The State of Homelessness in America charts progress in ending homelessness in the United States. Using the most recently available national data, it is intended to serve as a reference for policymakers, journalists, advocates, and the public on trends in homelessness, homeless assistance, and at-risk populations at the national and state levels.
A total of 552,830 people were experiencing homelessness on a single night in 2018. This number represents 17 out of every 10,000 people in the United States. HUD’s Annual Point-in-Time Count, the only nation-wide survey of homeless people, provides this data and other useful statistics.
Most people experiencing homelessness are individuals (67 percent). The remainder (33 percent) are people in families with children. Public policy has put a focus on additional subpopulations.
One of the subpopulations is youth who are under the age of 25 and living on their own (without parents or children). This group is 7 percent of the total homeless population. In recent years, coordinated efforts at all levels of government have also targeted veterans (7 percent of the total homeless population) and chronically homeless people (18 percent). This last group consists of people with disabilities who have been homeless for an extended period of time or repeatedly.
Gender and racial demographics are an important part of the American homelessness story. The homeless population is largely male. Among individual adults, 70 percent are men. White Americans are the largest racial grouping, accounting for 49 percent of those experiencing homelessness. However, African Americans and American Indians are dramatically overrepresented in the Point-in-Time Count compared to their numbers in the general population.
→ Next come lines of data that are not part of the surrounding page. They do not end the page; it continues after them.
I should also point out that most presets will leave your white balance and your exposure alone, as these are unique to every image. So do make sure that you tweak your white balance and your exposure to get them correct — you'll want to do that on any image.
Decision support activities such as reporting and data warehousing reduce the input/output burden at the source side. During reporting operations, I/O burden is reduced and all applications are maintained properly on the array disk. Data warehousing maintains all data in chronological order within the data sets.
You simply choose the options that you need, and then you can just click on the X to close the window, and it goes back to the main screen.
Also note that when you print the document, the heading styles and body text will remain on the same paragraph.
Between 2017 and 2018, homelessness increased slightly by 0.3 percent or 1,834 people.
However, national counts have generally trended downward over the last decade. Since 2007, the year HUD began collecting this data, homelessness decreased by 15 percent. This number masks more substantial subgroup progress over this time period. Most notably, veterans’ homelessness has dropped by 38 percent since 2007. Amongst people in families, there has been a 23 percent decrease. And chronic homelessness among individuals has fallen by 19 percent.
Homeless individuals are experiencing far less progress, with their rates dropping by only 10 percent. The group broadly includes some subgroup members (Veterans, Chronically Homeless, Youth)—but most are adults who don’t fall into any one of those categories. As the largest subgroup, making up 67 percent of the total population, solutions for individuals are critical to efforts to end homelessness.